> [TASK TO COMPLETE]:
Up to and including the line that holds "Hospice patient MaryAnn", print the data exactly from its first line; do not print the pictures.

(Dataset records)
Segment Open
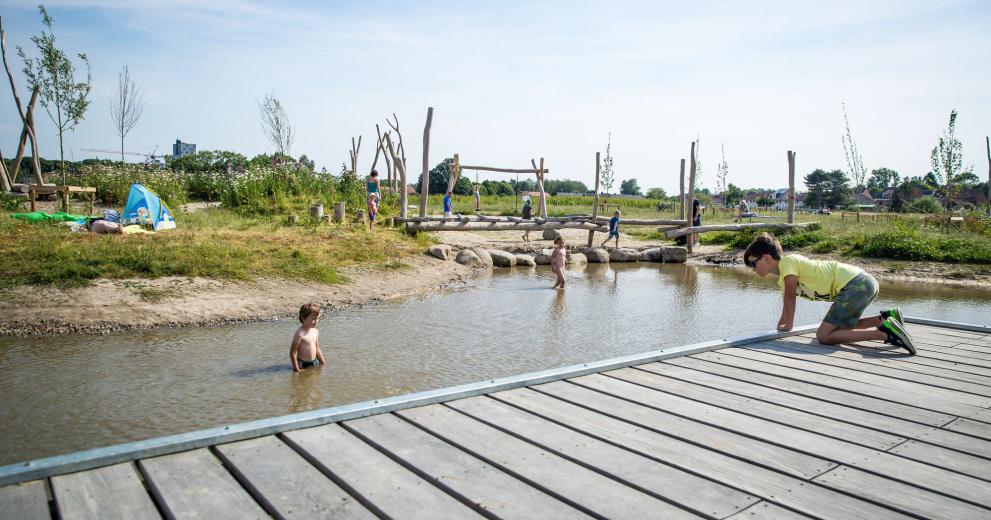 Kinderen spelen in heizijdsevelden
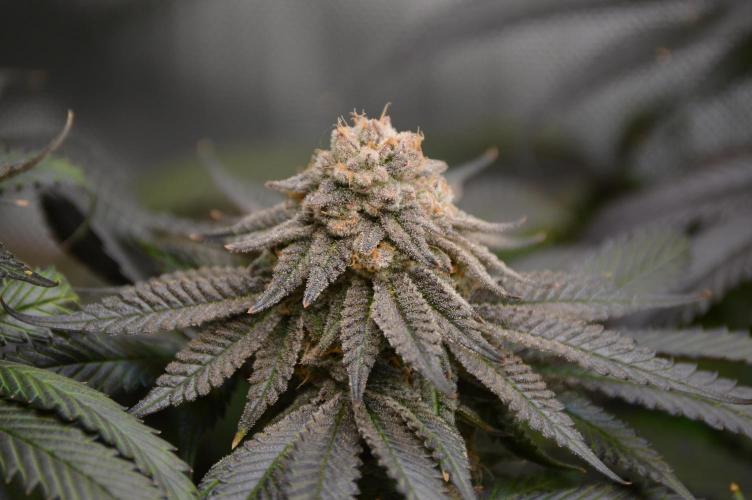 Grow #4 Coochie Runtz (Repeat). Week 16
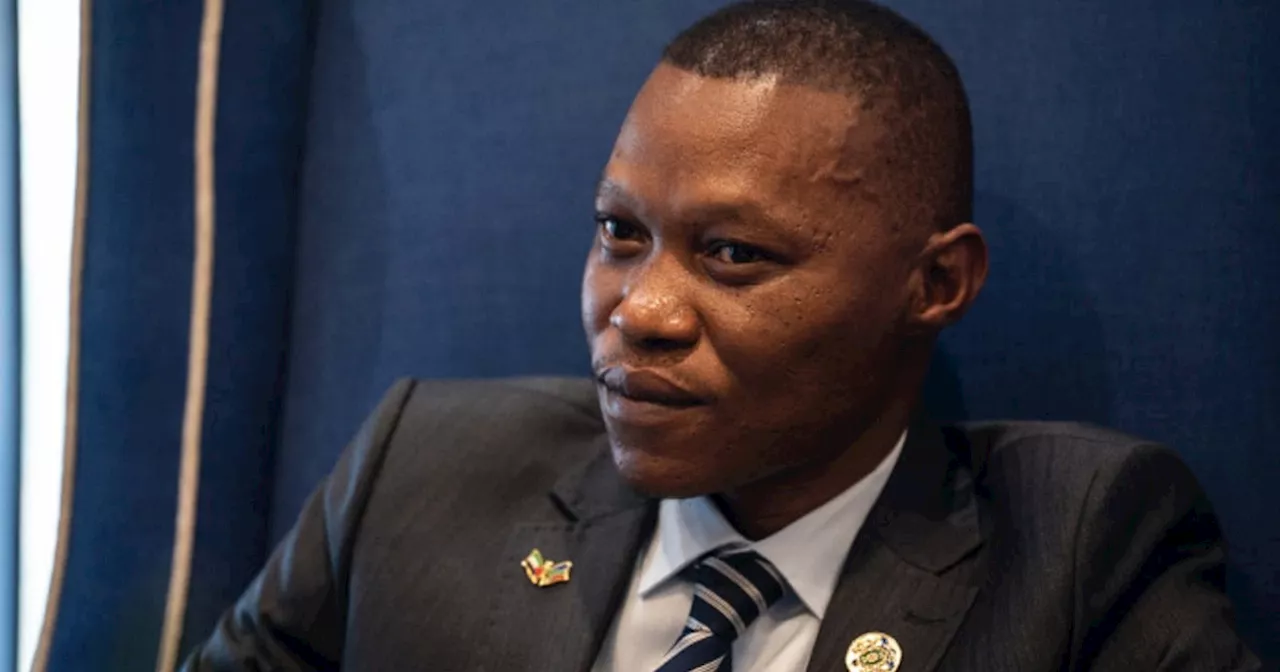 Ex-Joburg Mayor Gwamanda fired as MMC following fraud allegations against him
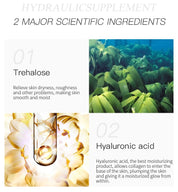 Collagen Hydrating & Moisturizing Mask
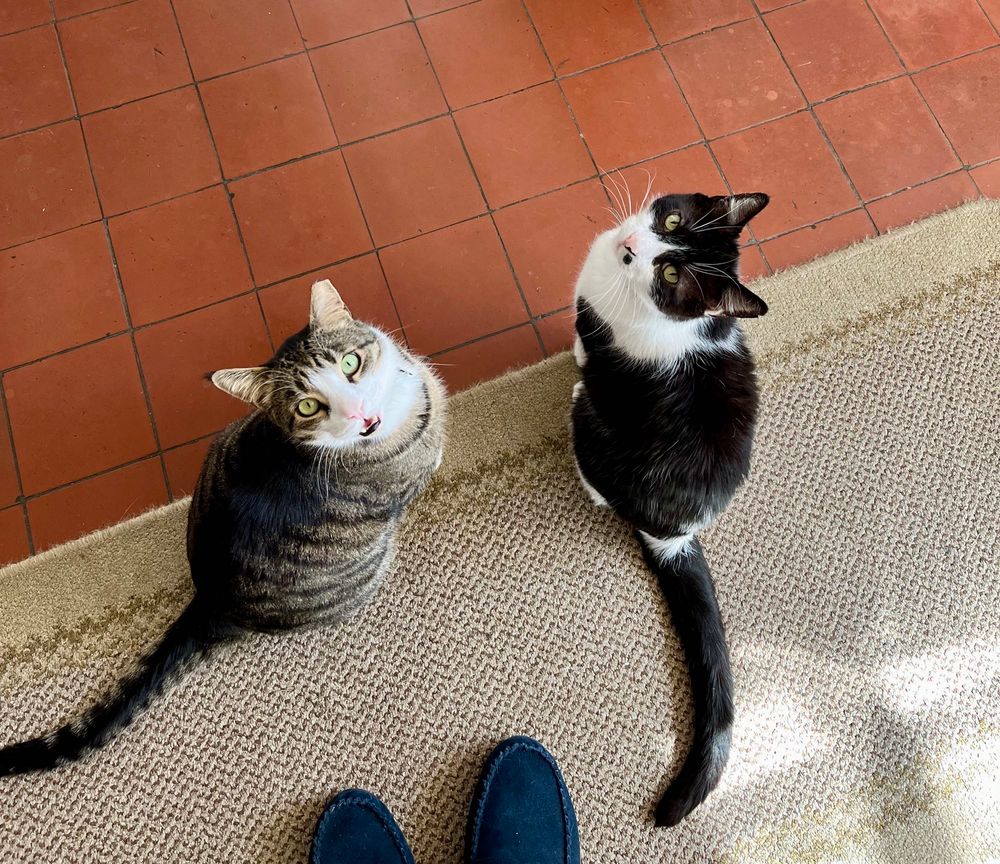 A brown tabby and a black and white cat are sitting on a rug and looking straight up at the camera. The tabby’s mouth is open. 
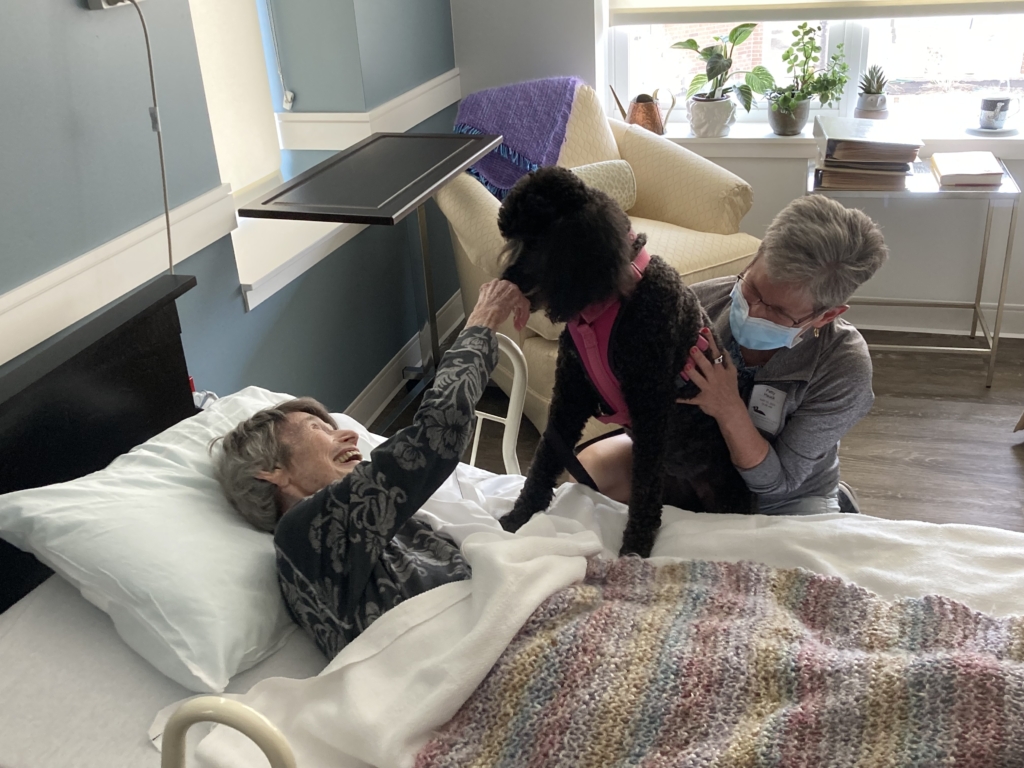 Hospice patient MaryAnn Stevens, left, visits with Gracie the moyen poodle and her owner, Patty Hauck.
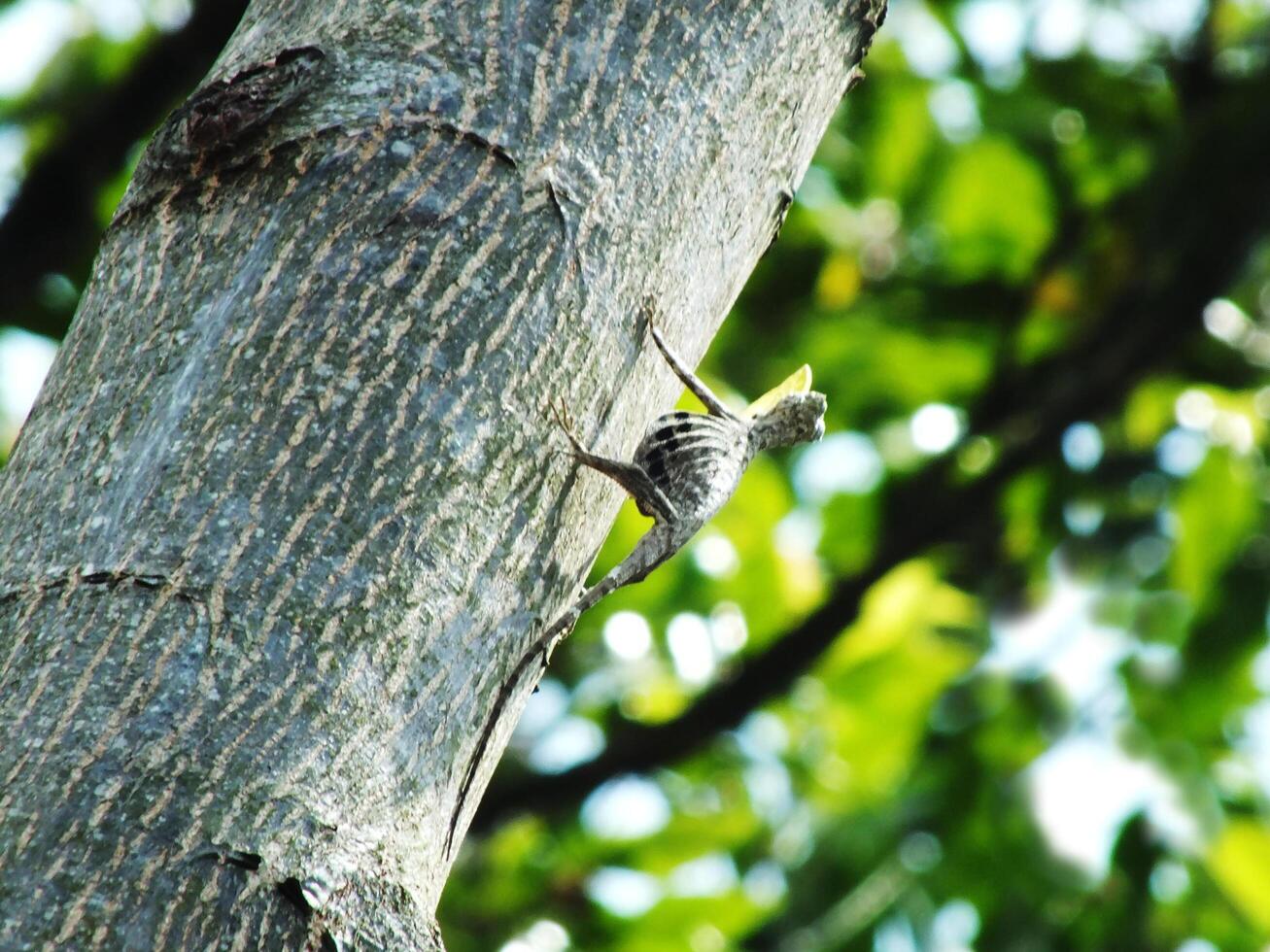 A flying lizard or draco volans is climbing up a tree trunk. The tree is surrounded by green leaves and the lizard is the only animal visible photo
Segment Closed
> [TASK OUTPUT]:
 Kinderen spelen in heizijdsevelden
 Grow #4 Coochie Runtz (Repeat). Week 16
 Ex-Joburg Mayor Gwamanda fired as MMC following fraud allegations against him
 Collagen Hydrating & Moisturizing Mask
 A brown tabby and a black and white cat are sitting on a rug and looking straight up at the camera. The tabby’s mouth is open. 
 Hospice patient MaryAnn Stevens, left, visits with Gracie the moyen poodle and her owner, Patty Hauck.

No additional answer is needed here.